Home / Companies / News /  Growth could be positive, strong through next year: Revathi Advaithi, CEO, Flex

NEW DELHI: Flex, one of world’s largest contract manufacturers, has a strong business pipeline in India—the company runs three manufacturing sites around Chennai and employs 18,000 people. Revathi Advaithi, CEO, Flex, thinks India does bring a lot to the table when it comes to make in India. However, there is still some distance to cover before India can become a manufacturing exports hub.

Excerpts from an interview.

Given the second wave, how do you view the recovery in the global economy?

It has been an interesting 12 months. But when you see the economic and financial waves, like in 2008, I would say that the pandemic from an economic perspective wasn’t as bad for companies like us. Many critical areas of manufacturing had to keep running. The recovery has been much stronger than what we would have expected. The US GDP is supposed to be strong. The recovery has been driven by pent-up demand in many areas. There has been an explosion in consumer electronics, whether it is home products or laptops or the build-out of data centre infrastructure.

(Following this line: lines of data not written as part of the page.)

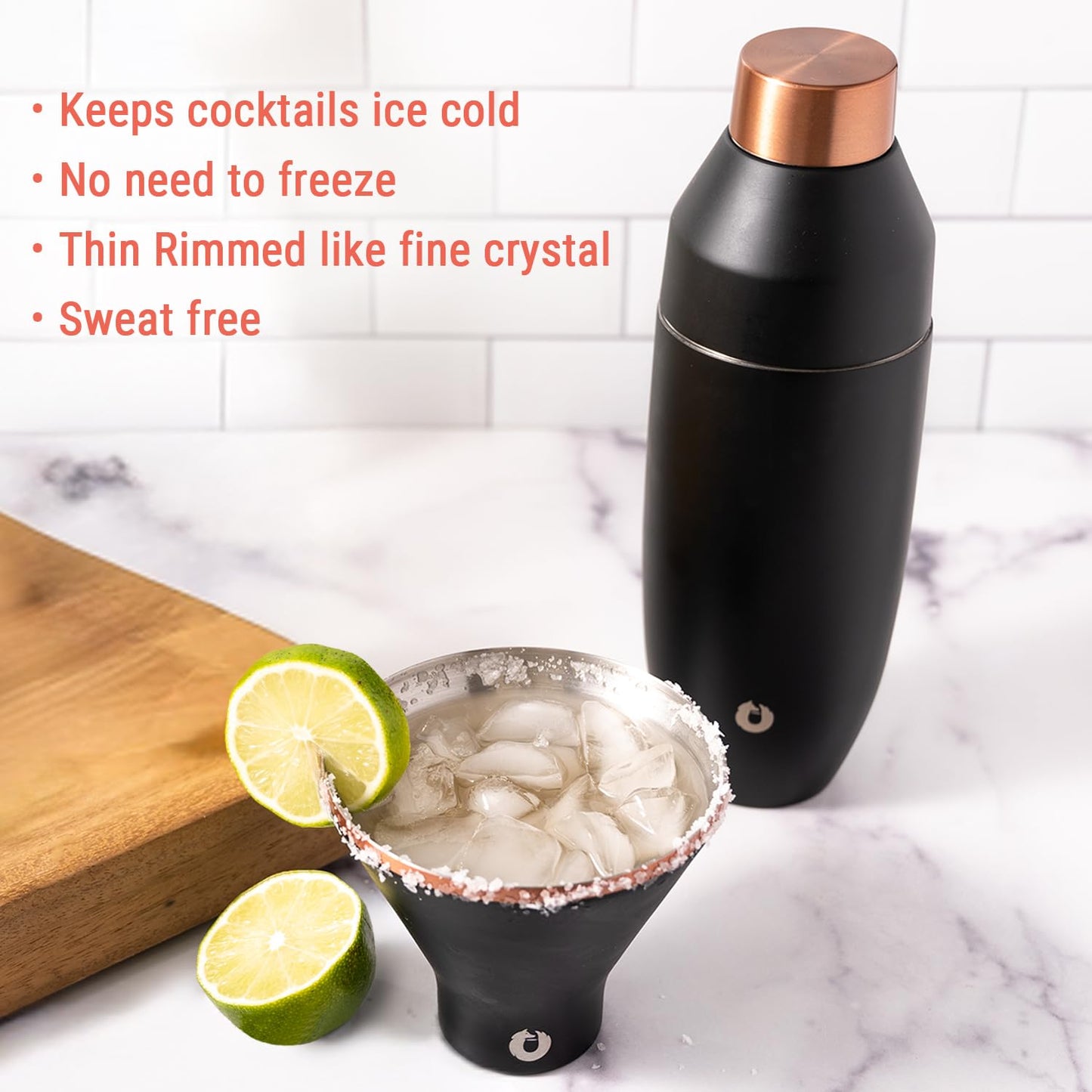 SNOWFOX Premium Vacuum Insulated Stainless Steel Martini Glass, Set of 2, Martinis Stay Icy Cold, Stemless Cocktail Glasses, Elegant Home Entertaining, Bold Beautiful Barware Set, 8 oz, Black/Gold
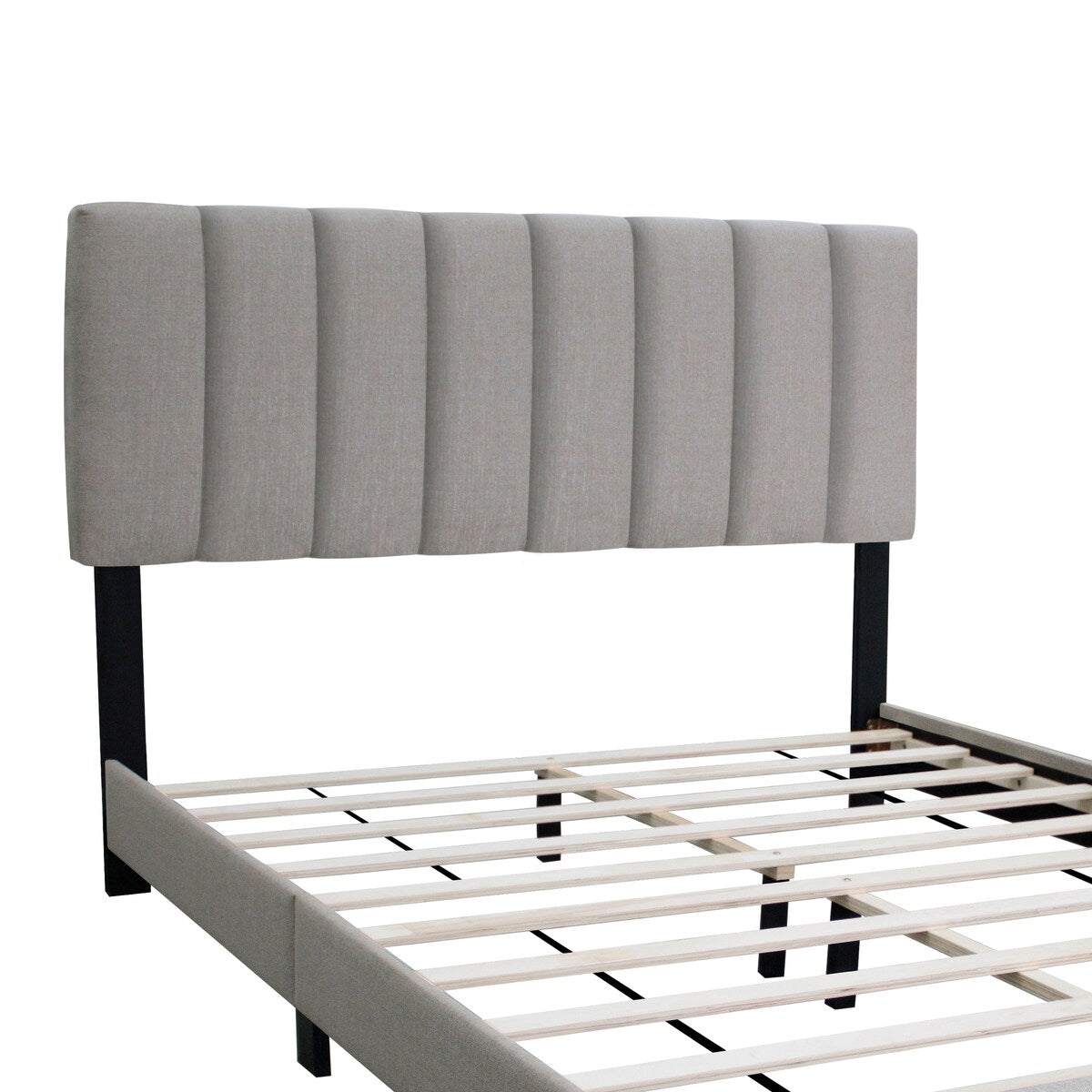 Queen Size Adjustable Upholstered Bed Frame, Vintage Style, Queen Size Bed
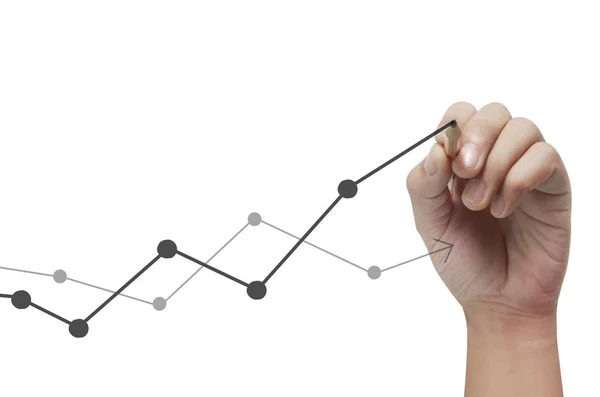 Hand drawing chart, graph of growth — Stock Photo, Image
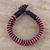 Cotton and leather wristband bracelet, 'Carnation Stripes' - Carnation and Black Cotton and Leather Wristband Bracelet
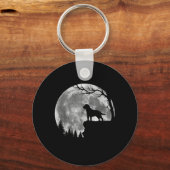 Labrador Retriever Hond Maan Silhouet Halloween Sleutelhanger (Voorkant)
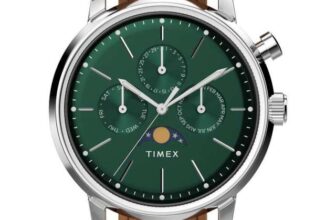 Timex Mens Marlin Moon Phase Watch, 40mm with Leather Strap, Model: TW2W51000 – w/Code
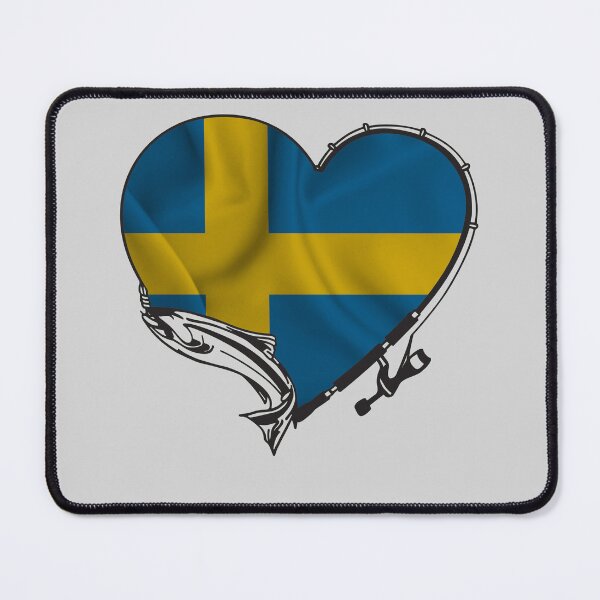 Item preview, Swedish Flag Fishing Fisherman Sweden Heart Rod Patriot designed and sold by facePale.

5G rollout continues at a decent speed; the automotive business with electric vehicles and autonomous continues at a breakneck speed; the health business, globally, is going through an interesting phase. Driven by these macros, the growth could be positive and strong through next year. All this is offset by the semiconductor shortage we are seeing globally.

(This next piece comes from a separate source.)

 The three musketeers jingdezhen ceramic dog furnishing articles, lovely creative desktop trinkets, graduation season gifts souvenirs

Flex’s percentage of net sales from the US is up in 2020 while it has decreased from Asian countries. Does this underline the ongoing supply-chain realignment?

Yes, absolutely. Our percentage sales have changed from parts of Asia to the US. This is driven by people not wanting to have the risk associated with tariffs, pandemic and shipping concerns. Particularly, we see this in certain sectors like consumer goods. People don’t want to make it far away from where their customers are using it. However, electronics manufacturing is still so dependent on Asia, the percent movement here is small. In sectors like medical, the movement started couple of years ago. Companies didn’t want a risky supply-chain for medical supplies.

The India business had shrunk in 2020. Why is that?

When I joined Flex two years ago, we rationalised our portfolio. We did not have the infrastructure and the financial position to deal with short product lifecycle businesses . India saw the effect of it. We are now focused on products that are more resilient. Our pipeline in India is very strong at this point in time.

What does India bring to the table for Flex?

India brings Indian manufacturing capability for domestic consumption. India continues to be one of the largest growth economies. Being able to manufacture for India in India is of huge importance to our customers.

Do you see India as a potential export hub, going ahead?

India has made progress. Over the last few years, the bureaucracy has come down. There has been an effort to support businesses, particularly, support multinational businesses. But to be a global exporting economy, the most important thing is to make sure you have world class labour that can drive productivity and efficiency that organisations need.

That comes with building hubs where you can find great labour and train them. India still has work to do here. If you have a productive workforce, you can make products at the right price point. Then, you become an export economy. Second, the entire supply-chain has to be built. Today, that will take some time.